福島のニュース
17日午前11時25分ごろ、東北新幹線を回送列車として走行中の新型車両E8系(7両編成)が故障し、宇都宮―那須塩原間で停車した。この影響で、東京―仙台間の上下線が運転を見合わせ、約5時間半後の午後5時に再開。5万4700人に影響が出た。東北新幹線を巡っては連結外れなどのトラブルが続いており、仕事などに支障が出た県内利用者からは「またか」「何度も起こると困る」と憤りの声が相次いだ。JR東日本は「原因を調査中」としており、利用者からは社会活動を支える交通の大動脈の安定運行を求める厳しい声が上がっている。
JR東によると、回送列車は午前10時36分に上野駅を出発し、午後1時14分に盛岡駅到着の予定だった。停車後に車両点検し、当初は自力走行できなかったため、駅間で足止めされていた後続の「はやぶさ17号」と連結して撤去する準備をした。
はやぶさ17号には682人が乗っており、横付けした上り線の「なすの274号」に渡り板を使って乗り換えた。さらに後続で止まっていた「やまびこ57号」(乗客480人)は宇都宮駅へ引き返した。その後、回送列車は自力走行できる状態になり、連結せずに那須塩原駅方面へ移動した。
E8系は、山形新幹線「つばさ」として昨年春に営業運転を始めた。
トラブルの影響により、東北・山形・秋田の各新幹線で上下線計224本に運休や遅れが生じた。大幅にダイヤが乱れJR福島駅でも新幹線改札口に予定変更を余儀なくされた利用者があふれ、みどりの窓口にも行列ができていた。
商談で関東方面に行く計画だったが、想定外の足止めを食らった伊達市の会社員長谷川裕一さん(41)は「新幹線のトラブルが最近、多いように感じる」とため息交じりに語った。
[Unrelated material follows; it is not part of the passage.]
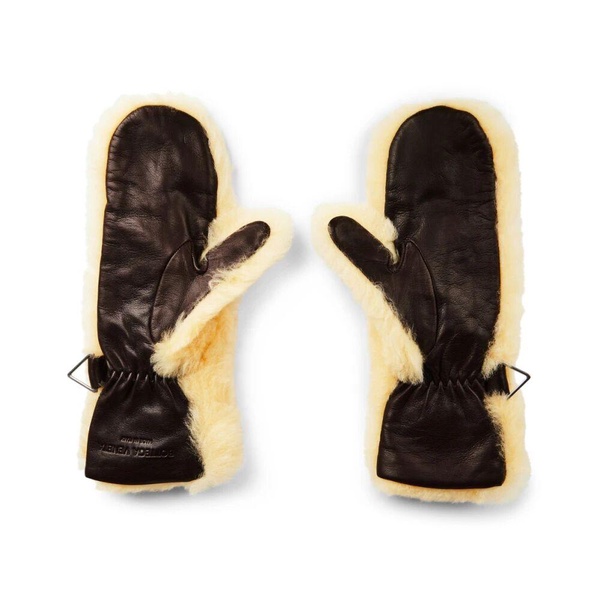 Shearling Leather Logo Gloves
福島市の会社員小池寛さん(62)は「東京都の知人の通夜に参列予定だったのだが…」と残念そうに話した。
午後5時50分ごろ、運転再開した「やまびこ57号」が福島駅に着くと、疲労の表情を浮かべた乗客らが次々と降り立った。福島市の会社員小山光謙さん(33)は在来線と再開した新幹線を乗り継ぎ、ようやく東京出張から戻ることができた。「列車の不具合で仕事に影響が及ぶと思うと今後心配になる」と不満を口にし、点検や安全確認を徹底するようJRに注文した。
来県予定だった元サッカー日本代表の北沢豪[つよし]さんが午後に県庁で予定していたデフリンピックサッカー競技スペシャルサポーターの任命式に出席できなくなるなど、さまざまな分野に影響が及んだ。